Malum Yunanistan bugünlerde hem içerde hem de dışarıda en çok tartışılan ülkelerden birisi. Ekonomi keşkelerle ilerlemez, bu nedenle Yunanistan için şöyle olsaydı demek için çok geç ancak durumu tespiti için verilere göz atmanın faydası var.
Yunanistan Euro bölgesinin 6. en kalabalık ve 8. en büyük ekonomisi. Ekonomisinin yaklaşık beşte biri turizm gelirlerinden oluşuyor.
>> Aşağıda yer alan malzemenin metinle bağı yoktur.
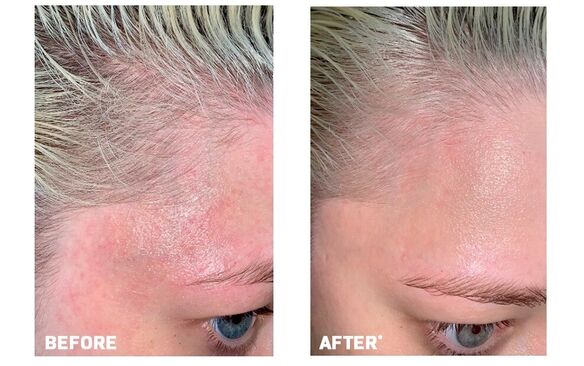    Revision Skincare C+ Correcting Complex 30% 30ml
Kilis kadar yüzölçümü olan Rodos adasına sadece 2014 yılına 2 milyon yakın turist gelmiş. 11 milyonluk nüfusla 22 milyon turist ağırlayan bir ülke. Kısaca servis sektörünün büyüklüğü bu ülke coğrafyasının onlara armağanı.
Peki bu ülke nasıl oldu da ekonomik bir darboğaza girdi? Yunanistan krizinin 3 temel sorumlusu var, kısaca tek tek bahsedelim.
Pasok- Yeni Demokrasi - Pasok -Yeni Demokrasi
PASOK'la başlayıp Yeni Demokrasi (New Democracy) ile sonlanan hükümetler serisinde Yunanistan'da Euro'ya geçişin getirdiği avantajlarla kredi kullanımı artmaya ve bununla birlikte bu kullanılan kredilerin nereye harcandığı pek de hesaplanmamaya başladı. Aşağıdaki grafik Yunanistan'ın borç seyrini özetliyor. SYRIZA iktidara geldiğinde borcun GSYİH'ya oranı %180 seviyesindeydi. Karşılaştırma için Türkiye'de bu oranın en yüksek olduğu yıl 2001 yılında bile %80'lerde olduğunu hatırlamakta fayda var.
Finans piyasasındaki zeki çocuklar politikacıların pek de reddemeyeceği enstümanları geliştirip Yunanistan hükümetlerine sundular. Bilançolarda görünmeyen borçlar, yıllar sonra gelecek gelirlerin şimdiden gelirmiş gibi gösterilip satılması ve benzeri operasyonlar sayesinde olduğundan daha pozitif bir resim ortaya çıkartıldı. Örneğin, Yunanistan'ın havaalanı ve piyango gelir hakları önümüzdeki on yıllar boyunca satılmış ve parası harcanmış durumda.
Avrupa Birliği (AB) - Avrupa Merkez Bankası (ECB) - IMF
AB ve ECB krizin derinleştiği ve sorunun baş gösterdiği 2010 yılında yanlış bir reçeteyi Yunanistan'a dayadılar. Sorunu çözmek yerine ötelemeyi yeğlediler. Beş yıl önce çözüm için adım atılacağına alacaklıları konsolide edip, Yunanistan'ın riskini diğer piyasalardan izole edebileceklerini düşündüler. ECB açıklamaları ile zaten zor durumda olan bankacılık sistemini daha da zora soktu. IMF'nin tahmin ve politikalarındaki sapmalar ise işin tuzu biberi oldu.
Ne Yapmalı?
Komadaki hastanın fişini çekince ne olacağını biliyoruz, bir fırsat vermezlerse Avrupa'nın en eski demokrasisi olan bir ülkeyi "çökmüş devlet(failed state)" kategorisine sokmuş olacaklar. Bu da hem tüm kıtanın güvenliğini (Kaçak göçmenlerin neredeyse yarısı Yunanistan üzerinden Avrupa'ya ulaşıyor) hem de yatırım ortamını negatif etkiler. Yunanistan'ın çıkışı için daha önce denenmiş bir şeyi denemeleri gerek. Örneklendirmek gerekse:
Dolayısı ile Yunanistan'ın çıkışı acı bir reçeteyle bile olsa ucunda bir umut ışığı olan borcun affı ve yeniden yapılandırılması ile mümkün olabilir. Şu an masadaki tüm şartları SYRIZA kabul etse dahi IMF hesaplamalarına göre 2030 yılında borcun GSYİH'ya oranı %118'e ancak inebiliyor. Sonuçta kreditörlerin Yunanistan'ın ödeyeceği paraya, Yunanistan kadar ihtiyaçları yok.
Can Suyu
Yunanistan'ın ekonomi ve insan sermayesi ile ilgili temel göstergeleri bir "can suyu" verildiğinde hızla kendine gelebileceğini gösteriyor. Tablo 1'de bu veriler karşılaştırma yapmak amacı ile Türkiye ile birlikte yer alıyor. Kısaca, bizdeki göstergeleri bu seviyelere getirebilirsek ülkemiz şu an ilk 10 ekonomiden birisi olurdu. Avrupa şans verildiğinde ayağa kalkacak bir hastanın fişini çekecek mi önümüzdeki günlerde göreceğiz.